**YOUR OBJECTIVE:**
Write out again, word for word, the lines below from the line that holds "Distrito 9 - Blomkamp" through the line that holds "Captan momento exacto", omitting pictures.

**RECORDS PROVIDED:**
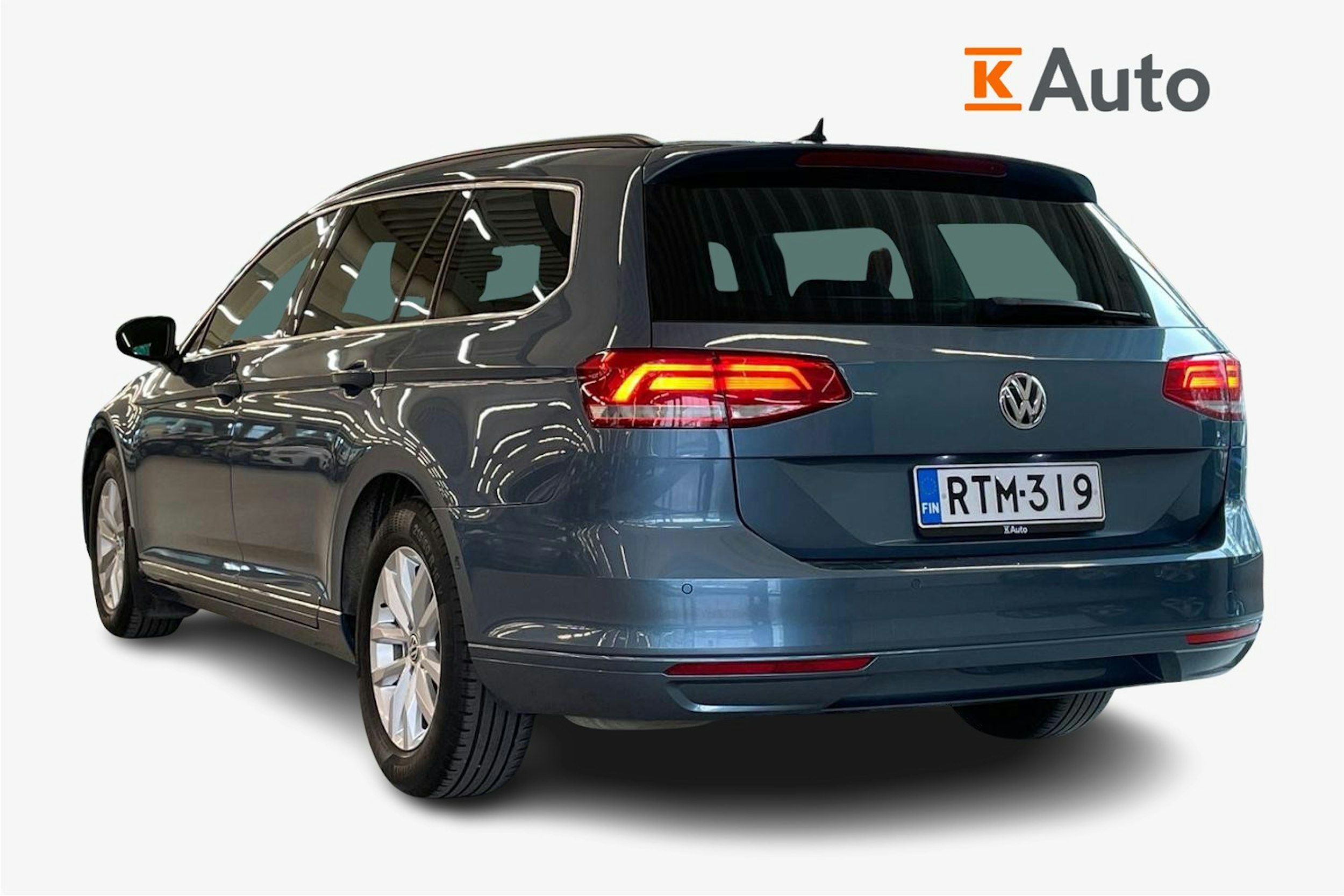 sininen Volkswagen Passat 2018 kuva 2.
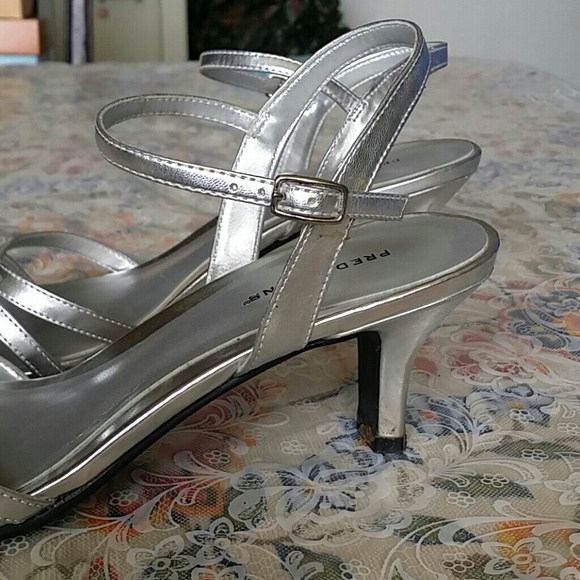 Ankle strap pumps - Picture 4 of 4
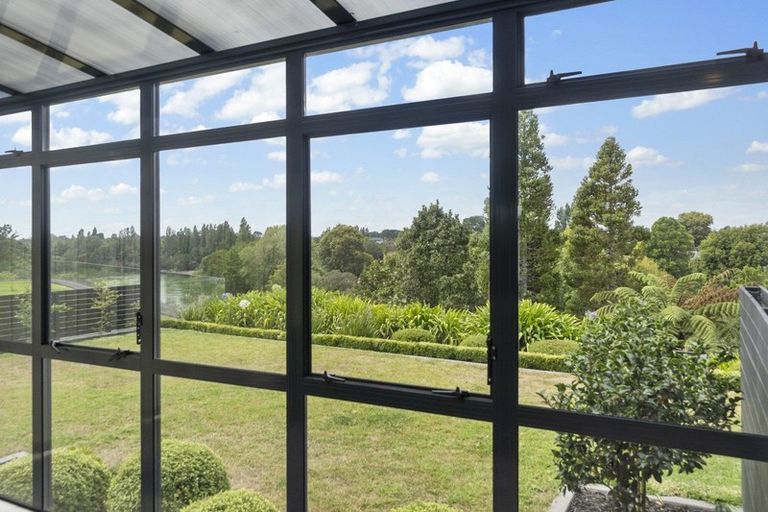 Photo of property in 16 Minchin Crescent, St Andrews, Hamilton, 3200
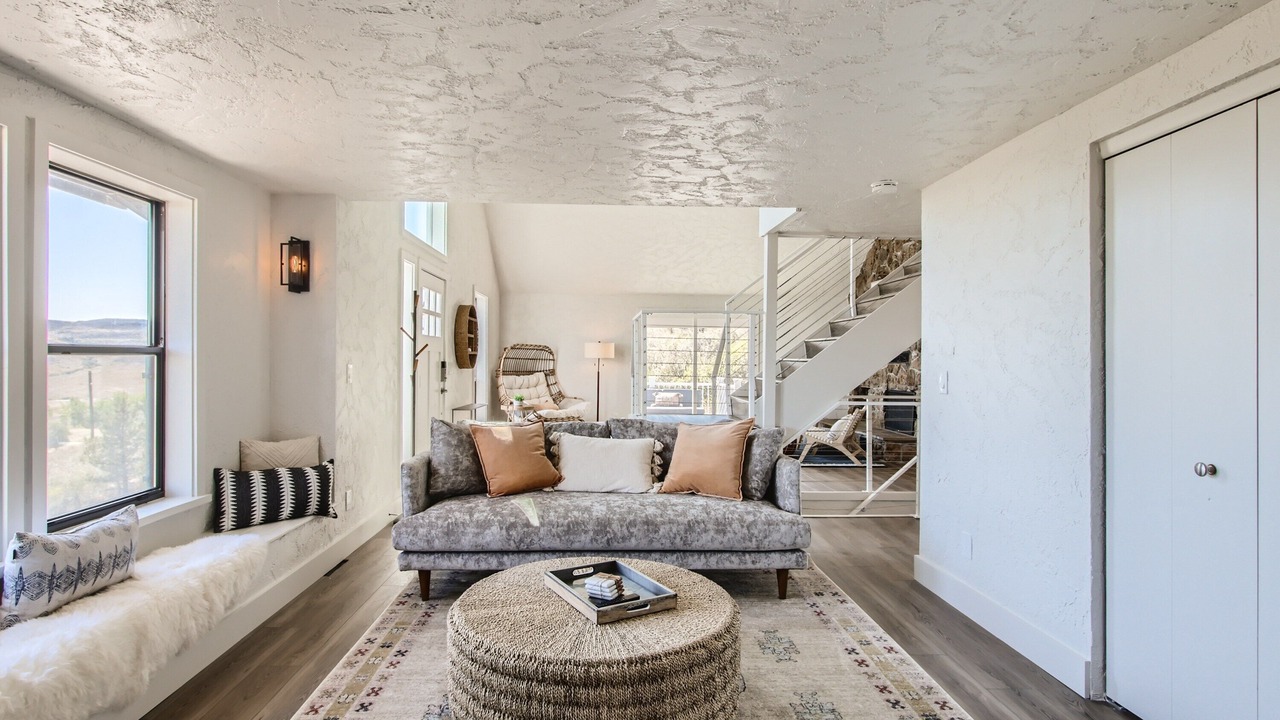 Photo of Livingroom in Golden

--

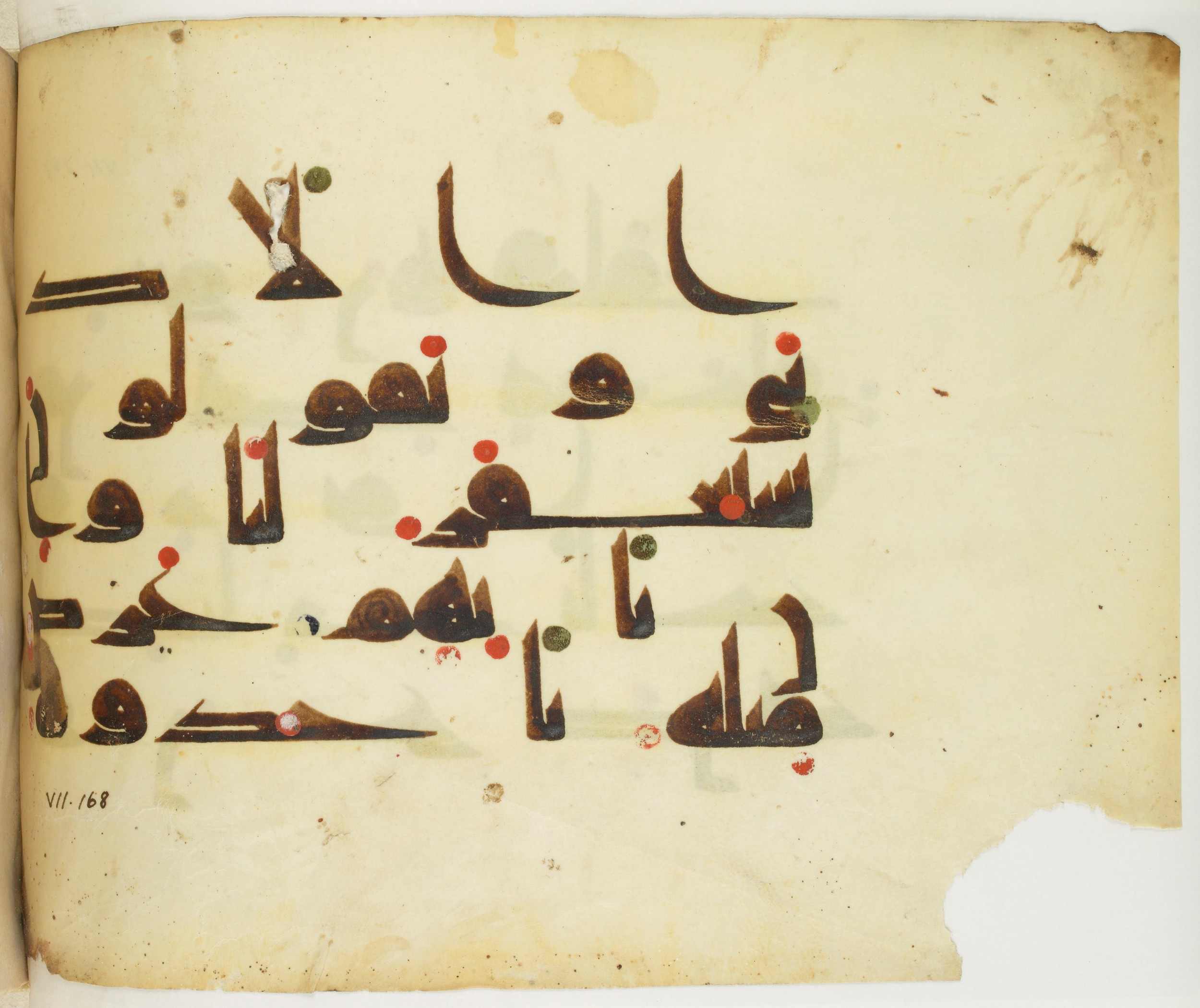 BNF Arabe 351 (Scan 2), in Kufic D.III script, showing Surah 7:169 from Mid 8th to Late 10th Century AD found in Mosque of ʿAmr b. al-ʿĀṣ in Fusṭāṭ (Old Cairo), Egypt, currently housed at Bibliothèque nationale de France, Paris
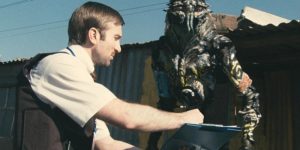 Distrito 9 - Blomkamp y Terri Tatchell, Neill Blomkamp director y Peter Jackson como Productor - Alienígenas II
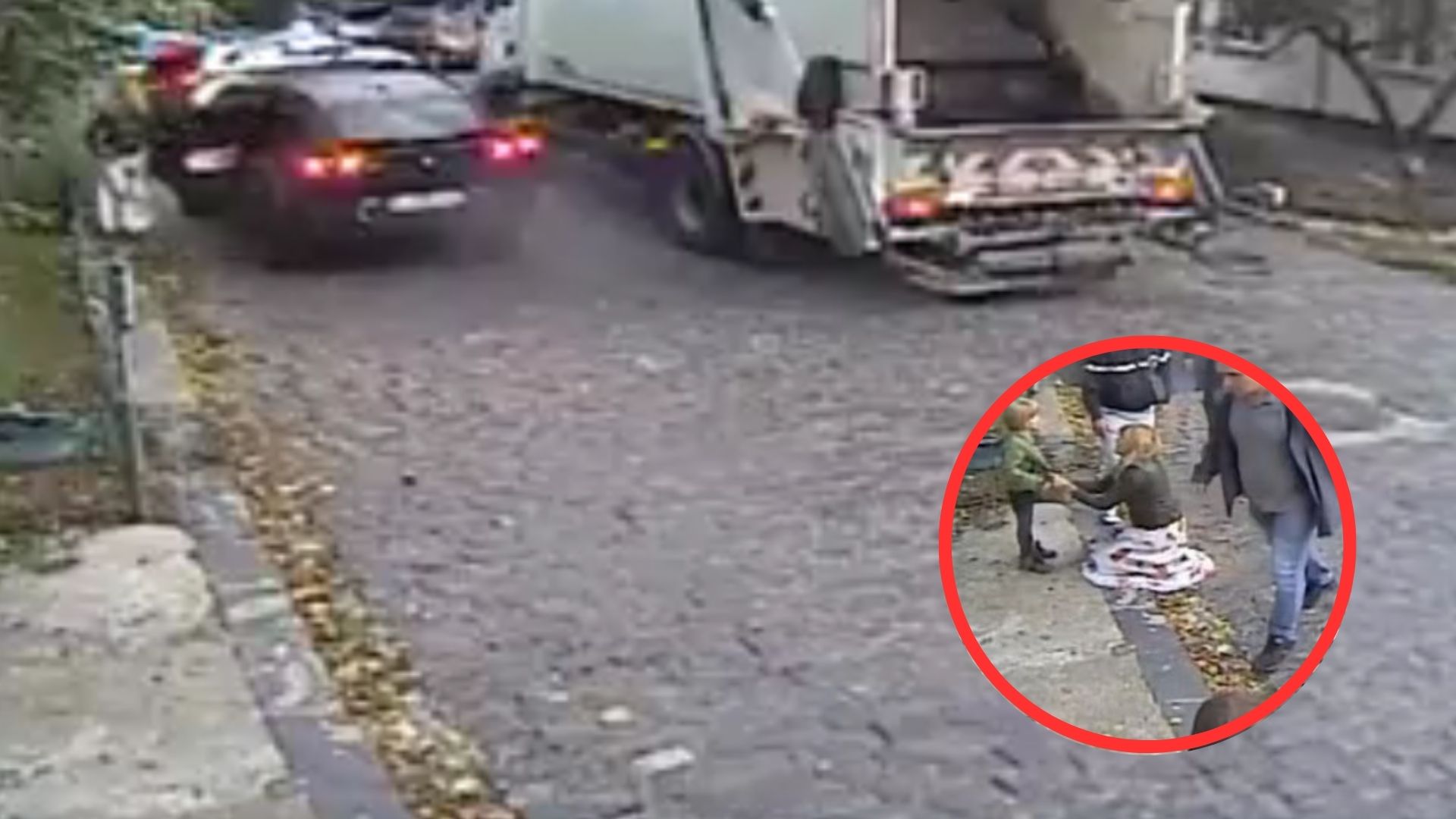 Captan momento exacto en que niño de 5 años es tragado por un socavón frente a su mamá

--

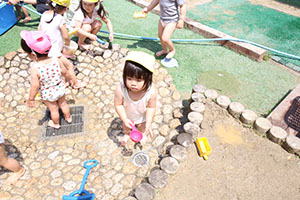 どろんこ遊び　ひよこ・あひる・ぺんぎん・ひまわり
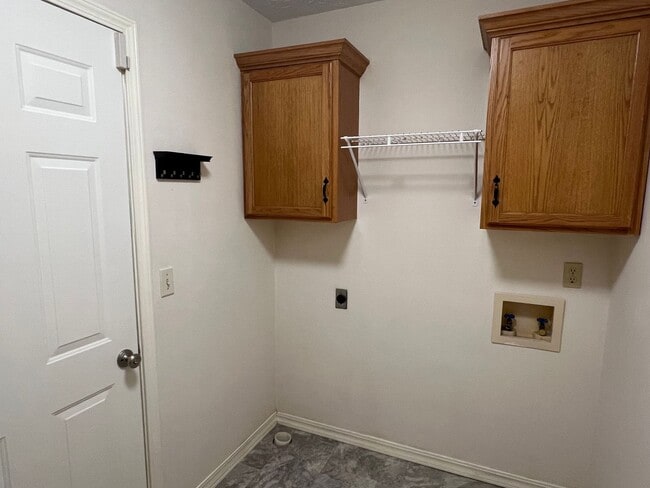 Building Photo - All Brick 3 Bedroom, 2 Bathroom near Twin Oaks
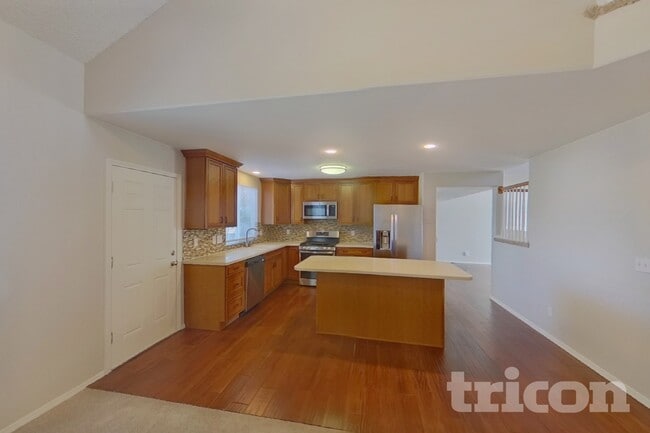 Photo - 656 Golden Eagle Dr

**EXERCISE ANSWER:**
 Distrito 9 - Blomkamp y Terri Tatchell, Neill Blomkamp director y Peter Jackson como Productor - Alienígenas II
 Captan momento exacto en que niño de 5 años es tragado por un socavón frente a su mamá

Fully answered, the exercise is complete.